General managers of 26 National Football League (NFL) teams attended a seminar conducted at Harvard this week by Business School professors on the strategies and techniques of contract negotiations.
The increasing number of professional football players represented by agents with negotiating skill triggered the need for this unusual seminar, Rusty Martin, administrative coordinator of the NFL Management Council said yesterday. Martin added that the seminar instructed managers not to "depress future salaries," but to "recognize bargaining strategies and techniques being used against them."

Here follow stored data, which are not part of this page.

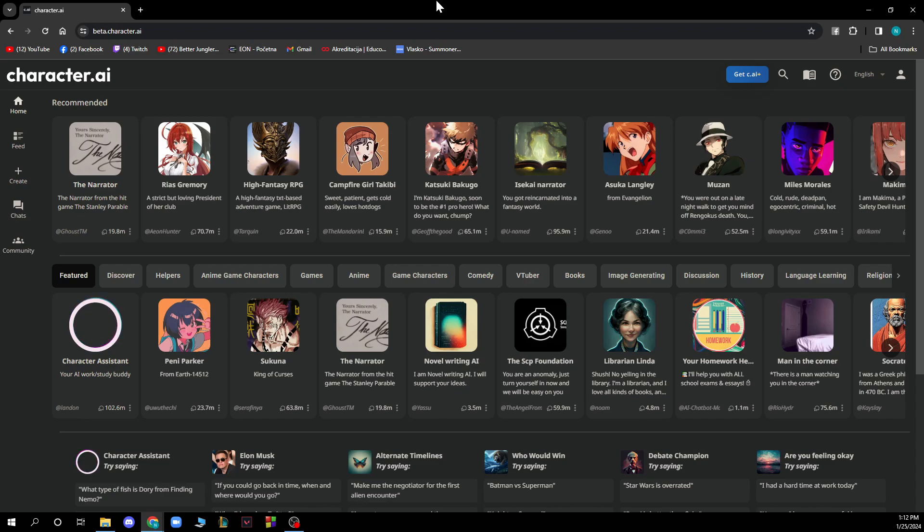The first thing you need to do is go to beta.character.ai and log into your profile. If you don't have a Character AI profile, you can register. If you don't know how, you can check our channel where we have plenty of Character AI videos showing you how to do this.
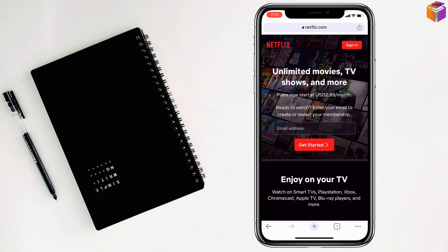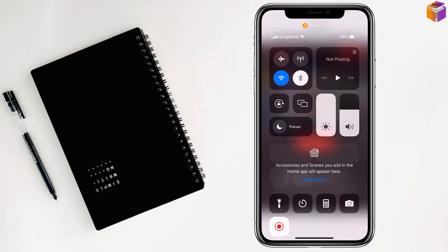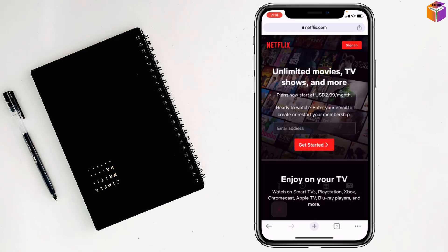Then open the video or movie which you want to record. After that, swipe down from the top of your iPhone. You'll see a recorder here — it is flashing because the recorder is on. Simply turn on this one and you can record Netflix without a black screen on iPhone.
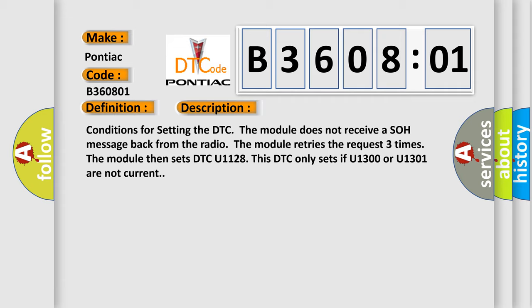Conditions for setting the DTC: The module does not receive a SOH message back from the radio. The module retries the request three times. The module then sets DTC U1128. This DTC only sets if U1300 or U1301 are not current.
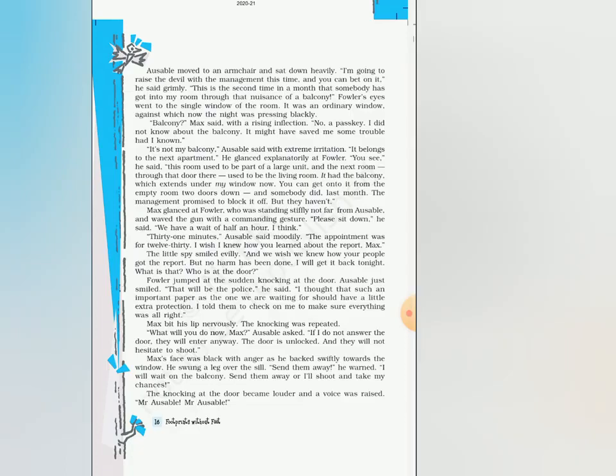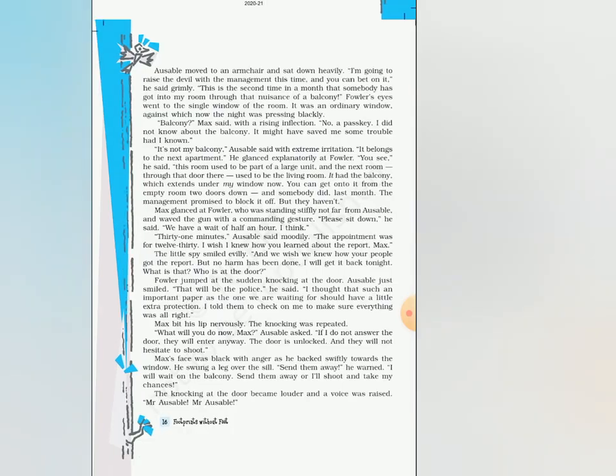Student, Oswell ने एक चाल चली है जो मैं आपको next video में बताने जा रहा हूँ। तब तक इस lesson के जितने भी word meanings हैं, आप उन्हें अपनी notebook में write कर सकते हैं, और learn तो आपको ज़रूर ही करना है। OK.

The seminar may be used as a "foundation" for the NFL to stem conditions which have led other sports to "price themselves out of the market," Jack Donlan, executive director of the NFL Management Council, said.
Skewers
"I would be surprised if the general managers didn't have positive reactions--knowing they were coming here to skew the union. I'd expect them to leave gleeful, smiling and jumping," Donald Brodie, assistant executive director of NFL players associations said.
Brodie said he was surprised by the use of "Harvard professors to determine ways to avoid the reach of anti-trust labor laws and to do injury to collective bargaining."

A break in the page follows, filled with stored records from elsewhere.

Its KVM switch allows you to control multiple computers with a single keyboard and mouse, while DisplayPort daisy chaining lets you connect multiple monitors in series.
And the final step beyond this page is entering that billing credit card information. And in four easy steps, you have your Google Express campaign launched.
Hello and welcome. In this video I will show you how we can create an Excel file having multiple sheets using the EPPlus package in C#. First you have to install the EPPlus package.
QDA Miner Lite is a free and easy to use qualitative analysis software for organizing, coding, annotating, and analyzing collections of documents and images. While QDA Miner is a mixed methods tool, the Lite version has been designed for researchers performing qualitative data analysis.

Donlan said the seminar did not violate anti-trust laws because the instruction did not include specific information on player salaries.
The three day seminar, headed by Donald D. Wyckoff, professor of Transportation, used the case study method by taking business experiences and refining them to football situations, Donlan said.
Tight-Lipped
Don Kolsterman, general manager of the Los Angeles Rams, said yesterday the seminar had been "very helpful," but declined further comment.
Alan Webb, general manager of the Cleveland Browns, said that he had gained some "knowledge," and Ron Wolf, general manager of the Oakland Raiders, said, "I'm glad I came." Both declined further comment.